Un processus de création respectueux et collaboratif
Pour constituer son panel de témoignages, Estelle a lancé un vaste appel à participation en utilisant plusieurs canaux. Elle a diffusé des affiches dans des organismes, relayé son projet sur les réseaux sociaux et, surtout, activé le bouche-à-oreille. Ce dernier s’est révélé le plus efficace : grâce à son réseau, elle a pu entrer en contact avec des personnes issues de divers horizons. Au fil des rencontres, elle a recueilli les récits de personnes venues de France, du Mexique, de Cuba, de Colombie, du Burkina-Faso, d’Algérie et, prochainement, d’Australie, témoignant ainsi de la diversité des parcours et des expériences.
Les entrevues se déroulent en personne, souvent dans un café. « On parle pendant une heure, parfois deux. Je veux aller au-delà des faits : je m’intéresse à ce que les gens ont ressenti, à ce qui les a chamboulés. »
Après l’entrevue, Estelle élabore un découpage (storyboard), qu’elle soumet à la personne concernée pour validation. « C’est leur histoire. Je veux qu’ils soient à l’aise avec ce qui est raconté, qu’ils sentent qu’on ne leur a pas volé leur vécu. »
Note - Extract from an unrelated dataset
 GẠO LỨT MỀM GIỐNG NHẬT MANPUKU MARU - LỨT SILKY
La BD comme passerelle entre les mondes
Les histoires prennent vie dans les différents quartiers de Québec tout en transportant le lecteur à travers les souvenirs du pays d’origine des protagonistes. Avec humour, chaque histoire dévoile un parcours unique, rythmé par découvertes, défis, incompréhensions et instants de joie. « Ce que je trouve fascinant, c’est que personne ne m’a raconté la même chose. Chacun a une réalité différente, une manière unique de vivre son arrivée ici », souligne Estelle.
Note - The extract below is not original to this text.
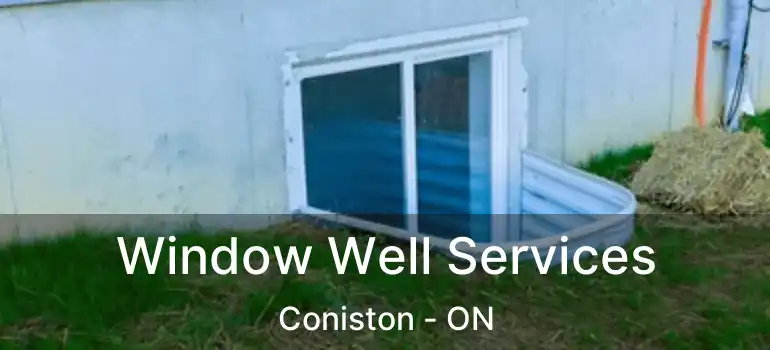  Window Well Services Coniston - ON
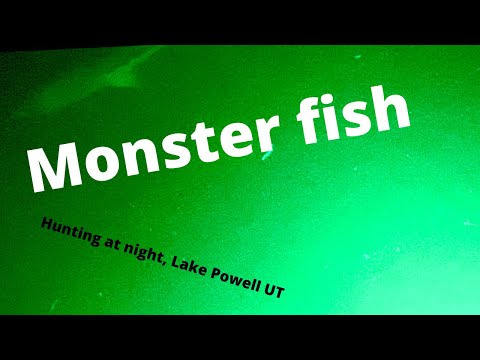 Monster Fish Hunting at Night, Lake Powell 2021 Aquatic life at night attracted to a green light at Lake Powell. #shorts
En outre, le choix de la bande dessinée comme médium offre une narration fluide, visuelle et accessible. Grâce aux illustrations, le lecteur navigue sans effort entre les univers. Passant ainsi d’un lieu à l’autre, d’un souvenir à une réalité présente. L’image, en plus d’être un puissant vecteur d’émotion, capte immédiatement l’attention, sans nécessiter de longs préambules.
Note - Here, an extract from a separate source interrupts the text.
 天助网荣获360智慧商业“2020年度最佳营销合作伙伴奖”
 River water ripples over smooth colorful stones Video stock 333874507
Une sensibilisation en douceur
Plutôt que d’imposer un message, ce projet vise à susciter la curiosité et l’écoute sans confrontation. Le Carrefour a souhaité mettre en avant ces récits pour offrir une perspective plus humaine sur l’immigration. De plus, en valorisant la diversité des parcours et la force du récit personnel, le projet vise à déconstruire les préjugés et à favoriser le dialogue.
« J’espère susciter de la curiosité chez les lecteurs. Le but n’est pas d’imposer une pensée, simplement de faire découvrir une réalité différente, et peut-être donner envie de s’ouvrir un peu plus aux autres », souligne Estelle.
Au fil des entrevues, un constat s’est imposé : si beaucoup de personnes immigrantes n’ont pas été confrontées à une discrimination ouverte, elles ont souvent fait face à des idées reçues ou à des maladresses involontaires. Des remarques ou des suppositions sur leur mode de vie, formulées sans malveillance mais révélatrices d’une certaine méconnaissance.
« Ce n’est pas un projet qui va changer le monde. Mais si ça peut amener quelqu’un à voir les choses autrement, même un instant, c’est déjà beaucoup. » ajoute Estelle.
Et après ?
Après cette première série de dix planches, Estelle envisage déjà d’autres thèmes, comme l’écologie. Toujours avec cette idée de raconter des histoires humaines, avec douceur et engagement.